Catey Shaw | Musician, Producer, Artist

There’s something I keep noticing that really fills me with hope: it seems that, most of the time, people don't start out doing the thing that ends up making them great. It really seems like they're all over the place, engrossing themselves in whatever has their attention in the moment, changing focus at a moment’s notice to a new venture. Being all over the place isn’t a problem- the only problem would be stopping. To me this means that no matter what direction, if you just keep moving you will be lead to success. 

Now, I am far from satisfied with my career. I have such a long way to go before I will consider myself a success, but I can recognize that any strides I have made thus far are because of nothing but the balls to just go for it, to say yes- to “show up.” Any time I find myself depressed, or discouraged that I’m not a superstar, I realize I feel that because I have time to feel it, because I have stopped moving forward. I have sat still for too long. As soon as I’m up and moving again I feel like I’m killing it. Because as long as I’m taking action, I AM killing it. 

I can go back in time and prove to myself that this is true. I got my start playing in the subways in New York City. There was no plan to become a published songwriter or recording artist, to play a sold out show or to go on tour- it was just a part of being able to keep going. See, I was living in a dorm in the Lower East Side, paid for by my ridiculous student loans. My school didn’t offer meal plans or anything of the sort so there was no loan paying for food. Oil painting isn't cheap, and all of the money my parents sent me (about $100 a month if I was lucky) would go to art supplies. So in order to pay for food, in order to keep working toward my painting degree and keep making my art, I had to find a way to pay for sustenance. My little hobby of fiddling around on the ukulele came in handy then- I went underground and hammered through the few covers that I knew, collecting change from passers-by. I could usually only stay for about 2 hours before my fingers would start bleeding (I had no technique so I was probably just strumming all wrong, but you also have to hit a ukulele very hard to resonate through a subway station with no amplifier). 

I would collect my coins and use those to buy dollar slices and dollar dumplings- dollar foods were my life force. The bills I would save up for about $40 a week on cigarettes, weed and alcohol because whatever I was 21 and an art student what do you want from me?! After that, if I had enough I’d treat myself to one of those choose-your-own-adventure-salads.

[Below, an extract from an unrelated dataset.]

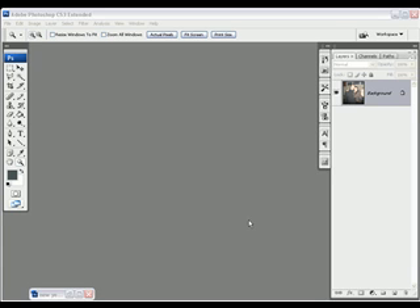Welcome to my new how-to video. Today I'm going to show you one way to clean up your photographs in Adobe Photoshop.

Then it was back to my canvas to keep moving forward, to keep making art, just keep going. I painted and went to school, and I used the subway like an ATM machine. Friends want to go to a party in Brooklyn? BYOB? Okay, give me and hour and I can get a couple of 40’s with my ukulele money. 

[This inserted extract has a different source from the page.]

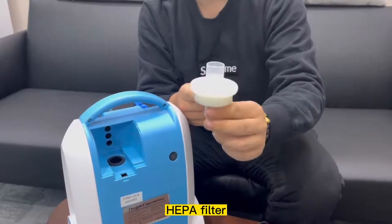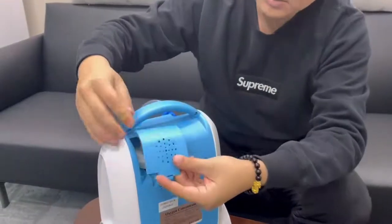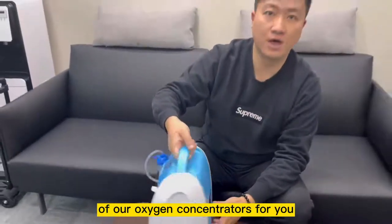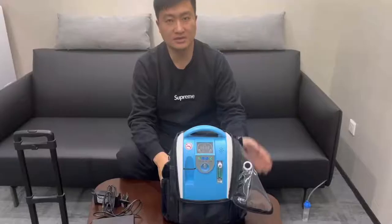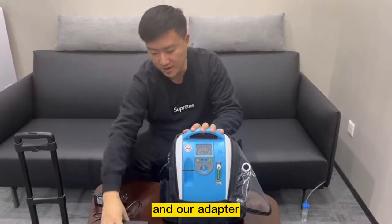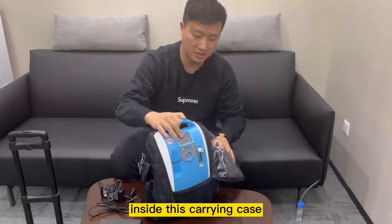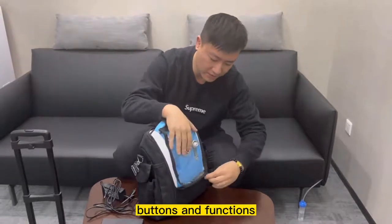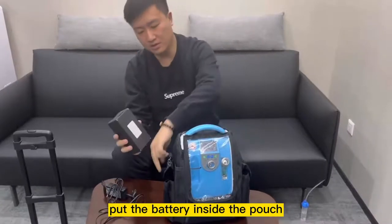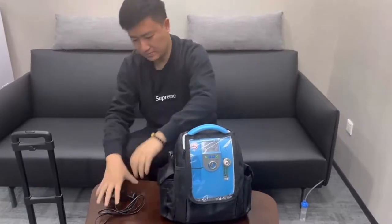You can purchase our second HEPA filter from our shop. Just put it back in. This is our simple maintenance of our oxygen concentrators. And of course, our OLB-B1 model can be used on the go as well. We can actually provide you with our battery and our adapters, and of course our carrying case. We can just place our oxygen concentrators inside this carrying case and close it up. Make sure that all the buttons and functions are aligned together. And you can just put in the included batteries inside the pouch, and the adapters at the other side.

Of course it had crossed my mind that some hot-shot record exec could stumble upon me underground, scoop me up and set me on my quick path to riches and superstardom. I think everyone who sings or plays an instrument has had this fantasy, we’ve all seen it in the movies. But this isn’t why I was down there. I really just wanted to keep going, to stay alive in NYC. Then one day this guy comes up and shakes my hand, introduces himself as Jay Levine, and invites me to the studio to record a song. Of course I thought this was my big break, and in many ways it was, because that moment started the past 4 years of writing, working and growing as a musician. The first day in the studio we recorded “Clouds,” which would become the title track of my first EP. Now I could go on and on about how that turned into where I am now but the point here is that I had no idea what I was working toward, I was just working. You could tell my story by saying that I fell into the music industry at random, but I know that just doing unexpectedly led me to where I am. 

This is of course the real struggle- to keep going even when it seems like there’s no point, when you can’t see the end game to what you’re doing. Well that may be because the end game is actually in another sport altogether. But there’s no way to get there if you stand still. 

I still paint, that will always be my passion. I create all the artwork for my songs, and draw and paint on the side for myself. But this road to music just appeared one day and I started walking. Every time I start to slow down I remind myself that there might be another road right around the corner, one that I could never dream up or conjure in my mind- I can only find it with forward motion.